One potential drawback in selecting Lewent, however, may be whether investors will hold her responsible for Merck's inability to meet earnings forecasts over the past three years. Most recently, Merck said it will not make its double-digit guidance for 2003 (2 (Also see "Merck Sees Strong Cholesterol Market In ‘04; Zocor Growth, Profit From Zetia" - Pink Sheet, 8 Dec, 2003.), p. 14).

U.S. Human Health President Bradley Sheares: At 46, Sheares would represent a generational transfer of power within Merck. Sheares has been head of U.S. primary care sales since 2001, after moving up through the ranks of the hospital sales side of the business.

He also has more familiarity with the R&D side of the business than his marketing background might suggest. Sheares has a PhD in biochemistry and actually joined Merck in 1987 as a research fellow.

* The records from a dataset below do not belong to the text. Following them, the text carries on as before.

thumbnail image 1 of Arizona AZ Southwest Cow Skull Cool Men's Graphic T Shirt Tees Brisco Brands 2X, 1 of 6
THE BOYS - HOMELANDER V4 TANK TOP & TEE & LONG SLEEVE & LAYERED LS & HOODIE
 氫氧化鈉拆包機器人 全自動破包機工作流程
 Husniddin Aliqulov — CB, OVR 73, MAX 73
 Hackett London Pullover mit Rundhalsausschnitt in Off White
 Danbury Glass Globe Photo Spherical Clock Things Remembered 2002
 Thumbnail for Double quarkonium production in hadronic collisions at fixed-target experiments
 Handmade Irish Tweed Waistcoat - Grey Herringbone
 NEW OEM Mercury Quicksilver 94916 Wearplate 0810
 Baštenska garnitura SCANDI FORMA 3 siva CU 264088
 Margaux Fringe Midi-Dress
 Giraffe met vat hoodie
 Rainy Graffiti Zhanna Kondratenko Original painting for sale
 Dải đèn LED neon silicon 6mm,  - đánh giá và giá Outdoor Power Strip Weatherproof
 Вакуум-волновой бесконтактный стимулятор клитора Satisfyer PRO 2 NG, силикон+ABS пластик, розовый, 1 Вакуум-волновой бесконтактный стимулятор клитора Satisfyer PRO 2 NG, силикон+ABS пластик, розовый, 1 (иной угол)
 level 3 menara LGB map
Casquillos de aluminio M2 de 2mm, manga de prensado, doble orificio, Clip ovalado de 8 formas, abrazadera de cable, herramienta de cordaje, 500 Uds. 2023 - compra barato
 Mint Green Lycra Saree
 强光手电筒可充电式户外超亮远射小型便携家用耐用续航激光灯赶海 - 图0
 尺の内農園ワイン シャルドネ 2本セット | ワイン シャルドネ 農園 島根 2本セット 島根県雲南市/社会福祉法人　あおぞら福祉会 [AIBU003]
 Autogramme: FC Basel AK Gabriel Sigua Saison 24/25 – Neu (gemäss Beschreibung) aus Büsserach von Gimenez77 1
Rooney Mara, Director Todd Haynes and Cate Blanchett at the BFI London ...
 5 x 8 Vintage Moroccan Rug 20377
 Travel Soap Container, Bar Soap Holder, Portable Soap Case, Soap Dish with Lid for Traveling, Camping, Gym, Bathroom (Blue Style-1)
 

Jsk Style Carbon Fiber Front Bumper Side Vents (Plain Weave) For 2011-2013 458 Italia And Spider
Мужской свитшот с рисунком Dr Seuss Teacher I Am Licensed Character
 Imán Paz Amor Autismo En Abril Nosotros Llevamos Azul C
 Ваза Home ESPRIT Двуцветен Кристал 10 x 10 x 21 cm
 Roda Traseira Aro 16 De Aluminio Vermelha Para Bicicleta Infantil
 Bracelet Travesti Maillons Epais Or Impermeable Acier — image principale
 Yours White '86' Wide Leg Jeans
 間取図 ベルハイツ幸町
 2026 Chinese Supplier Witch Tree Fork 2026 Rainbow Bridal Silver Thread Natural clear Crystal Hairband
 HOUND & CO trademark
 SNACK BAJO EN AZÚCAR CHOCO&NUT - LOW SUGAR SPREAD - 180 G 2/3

Sheares' presentation during the Dec. 9 business review touched on all aspects of Merck's business, including the potential impact of the Medicare legislation.

Merck Research Labs President Peter Kim: The selection of Kim, 45, would signal a desire by the board to return to the Vagelos model of CEO. Vagelos was head of R&D before taking the CEO slot.

Kim, however, is a relative newcomer to Merck and to the pharmaceutical industry. He joined the company from the Massachusetts Institute of Technology/ Whitehead Institute in 2001 (3 (Also see "Merck R&D Labs Heir-Apparent Kim To Head Basic Research, Clinical Science" - Pink Sheet, 11 Dec, 2000.), p. 19).

The board opted against former Research Labs President Edward Scolnick when it was choosing a successor to Vagelos.

Manufacturing Division President Richard Clark: The selection of Clark, 57, would indicate that Merck wants to stress operational efficiency in the near term.

Clark spent 25 years in the Merck manufacturing division, moving up to head North American operations. During that time, Merck established an enviable record for GMP compliance in the U.S.

In 1997, he joined the Medco pharmacy benefit management division and was named CEO of the business in 2000.

Within Merck, he is credited with ramping up the efficiency and automation of the Medco mail order operations and in setting up the company as an attractive spin-off candidate. He returned to head the manufacturing division ahead of the Medco spin off this year (4 (Also see "Medco Health Valued At $6 Bil. Heading Into Aug. 19 Spin-Off" - Pink Sheet, 11 Aug, 2003.), p. 28).

Merck has defined its ability to manage costs as a key strength, and Clark's presentation focused on new efficiency efforts.

The culture of efficiency at Medco is being challenged by the U.S. Attorney's Office in Philadelphia in a False Claims Act suit against the company. However, the case does not name Merck or Clark as defendants.

Several other members of the Merck management committee may be considered CEO candidates.

Senior VP/General Counsel Kenneth Frazier, 48, oversees Merck's public affairs and government relations operations. The company made an early commitment to the Medicare drug benefit, and Frazier may be credited with the success of that strategy.

U.S. Human Health President Margaret McGlynn, 44, is the newest member of the management team and, as the executive responsible for managed care sales, will play a key role in Merck's approach to the Medicare benefit.

Human Health-Europe, Middle East & Africa President Per Wold-Olsen, 56, has addressed Merck investor meetings in the past, but did not make presentations at the 2003 event.